# [Data listing]

────────

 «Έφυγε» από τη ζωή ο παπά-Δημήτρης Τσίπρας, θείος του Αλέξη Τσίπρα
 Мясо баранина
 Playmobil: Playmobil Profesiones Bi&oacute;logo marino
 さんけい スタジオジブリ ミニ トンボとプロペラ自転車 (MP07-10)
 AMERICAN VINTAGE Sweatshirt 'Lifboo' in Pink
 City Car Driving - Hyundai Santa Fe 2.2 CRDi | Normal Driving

────────

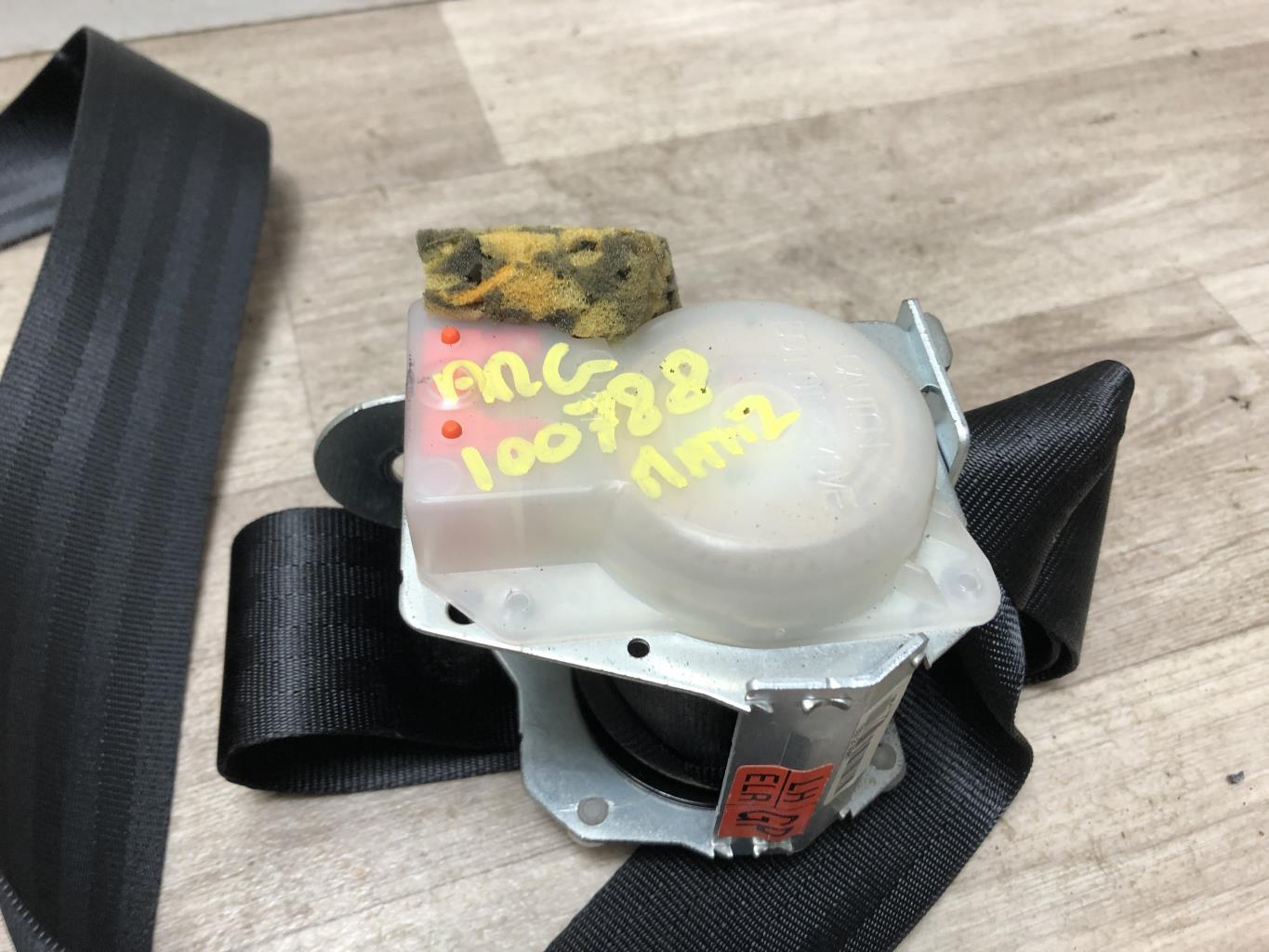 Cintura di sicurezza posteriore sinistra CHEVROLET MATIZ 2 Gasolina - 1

────────

# [Exercise brief]
Using the data above, extract exactly the lines from the one that holds "さんけい スタジオジブリ ミニ トンボとプロペラ自転車 (MP07-10)" to the one that holds "City Car Driving", both ends included, and no others.

# [Task solution]
 さんけい スタジオジブリ ミニ トンボとプロペラ自転車 (MP07-10)
 AMERICAN VINTAGE Sweatshirt 'Lifboo' in Pink
 City Car Driving - Hyundai Santa Fe 2.2 CRDi | Normal Driving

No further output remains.